PROBLEM DESCRIPTION: Once the line with "Galo, galinha da raça Shamo." is found, repeat it and all later lines exactly through the end of the listing below, with the pictures left out.

DATA FOR ANALYSIS:

Start of Block

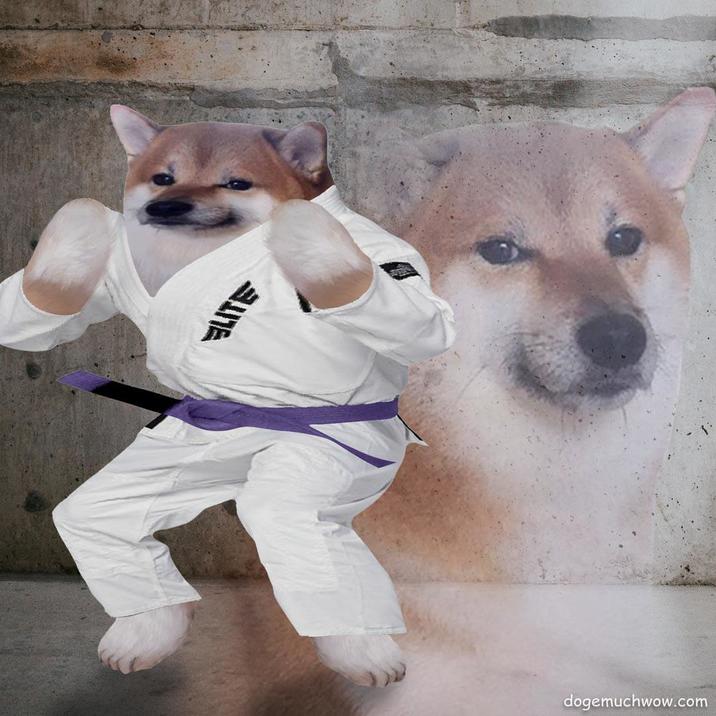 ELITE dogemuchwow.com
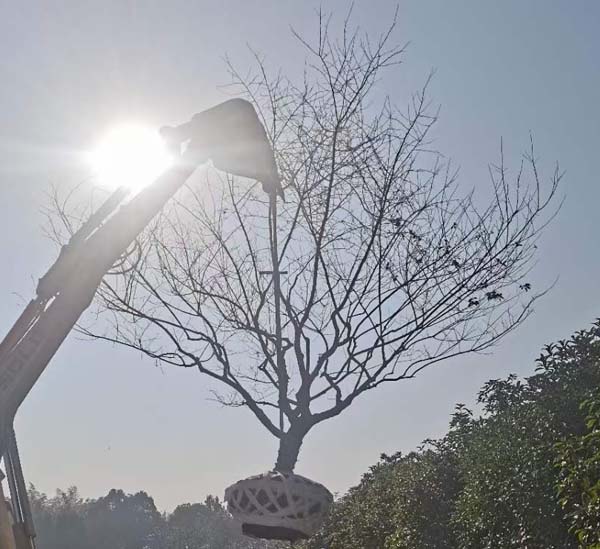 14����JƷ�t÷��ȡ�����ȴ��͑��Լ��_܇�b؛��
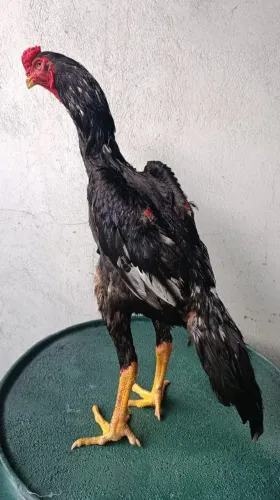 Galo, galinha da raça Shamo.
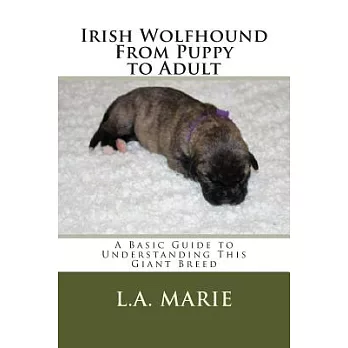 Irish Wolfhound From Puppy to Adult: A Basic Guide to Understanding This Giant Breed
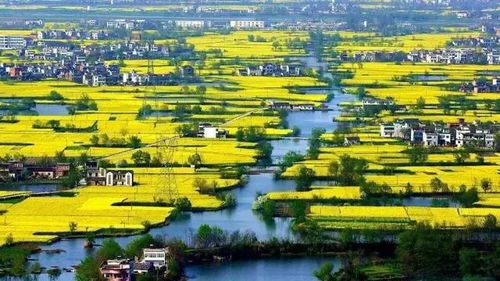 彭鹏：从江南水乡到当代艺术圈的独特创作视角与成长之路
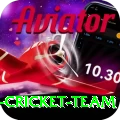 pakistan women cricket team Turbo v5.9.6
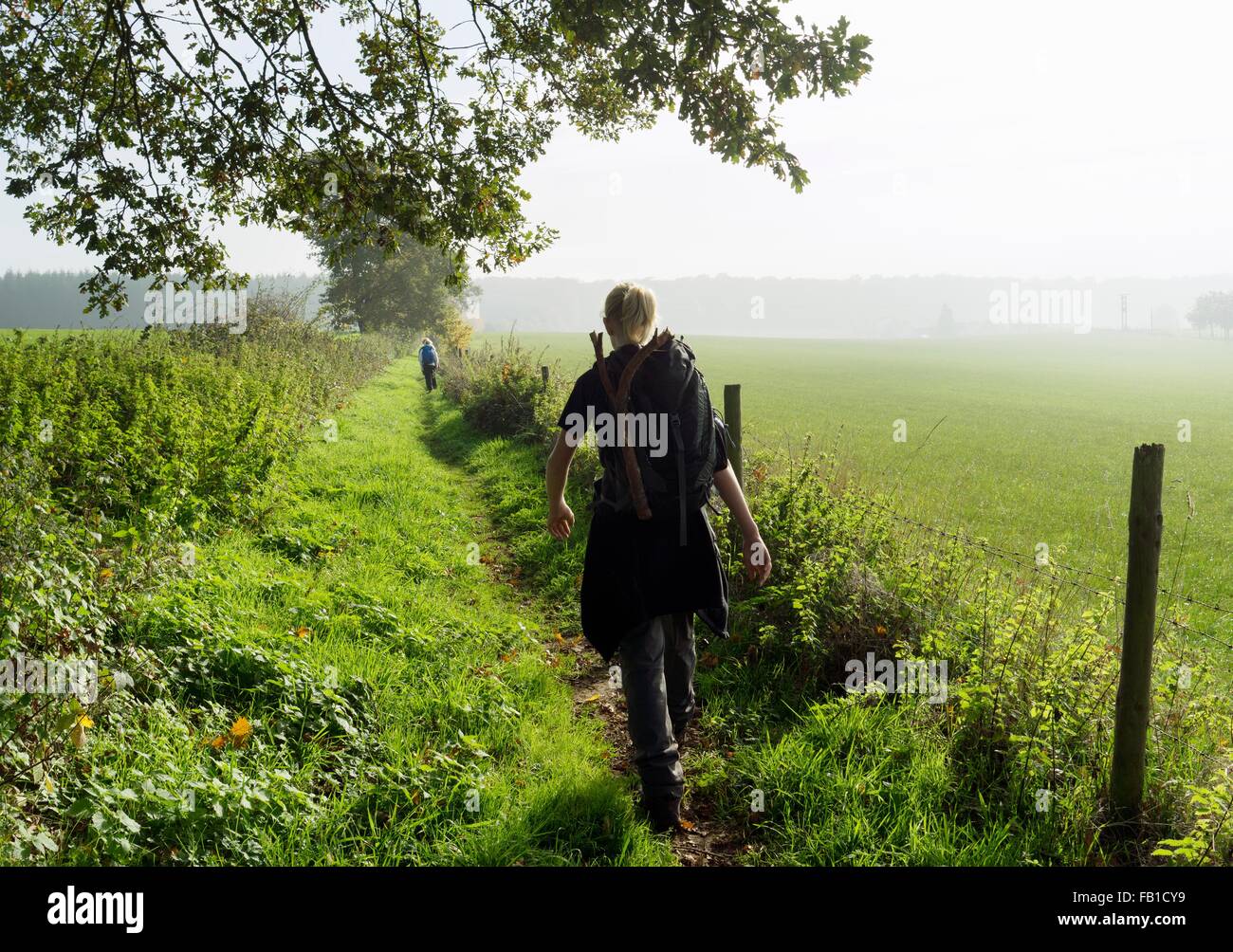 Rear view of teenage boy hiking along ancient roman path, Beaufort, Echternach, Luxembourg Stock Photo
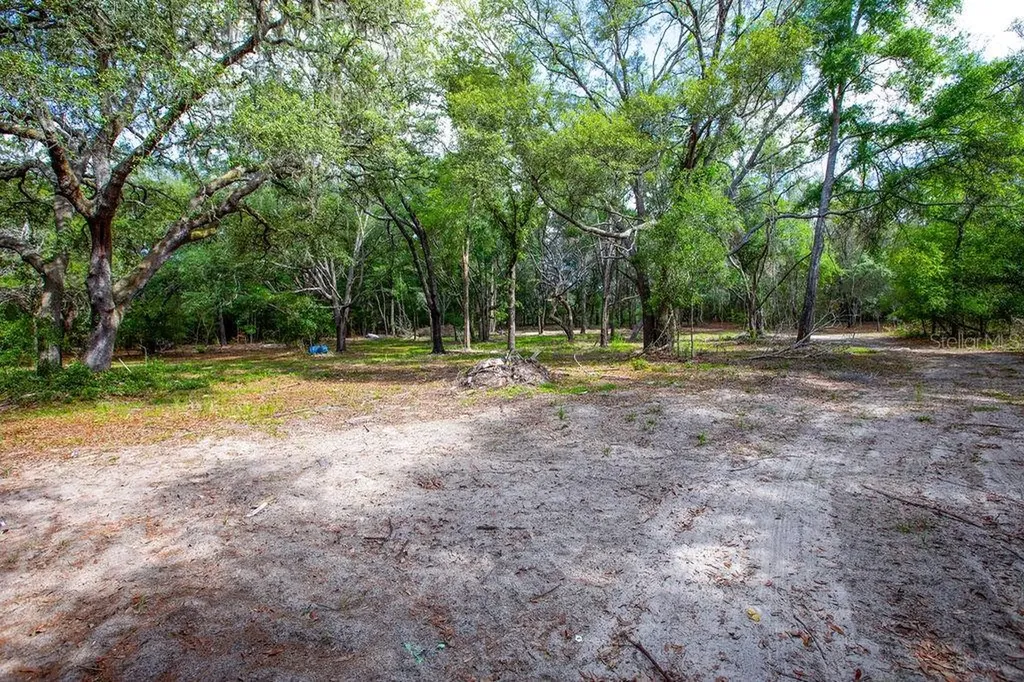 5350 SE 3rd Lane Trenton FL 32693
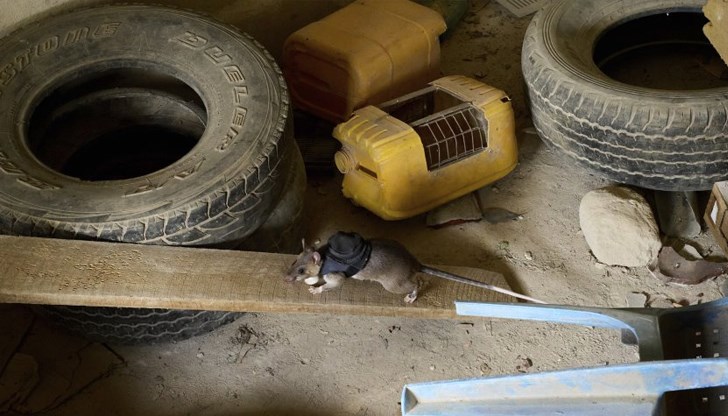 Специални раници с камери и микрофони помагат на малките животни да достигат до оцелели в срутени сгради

End of Block

EXPECTED ANSWER:
 Galo, galinha da raça Shamo.
 Irish Wolfhound From Puppy to Adult: A Basic Guide to Understanding This Giant Breed
 彭鹏：从江南水乡到当代艺术圈的独特创作视角与成长之路
 pakistan women cricket team Turbo v5.9.6
 Rear view of teenage boy hiking along ancient roman path, Beaufort, Echternach, Luxembourg Stock Photo
 5350 SE 3rd Lane Trenton FL 32693
 Специални раници с камери и микрофони помагат на малките животни да достигат до оцелели в срутени сгради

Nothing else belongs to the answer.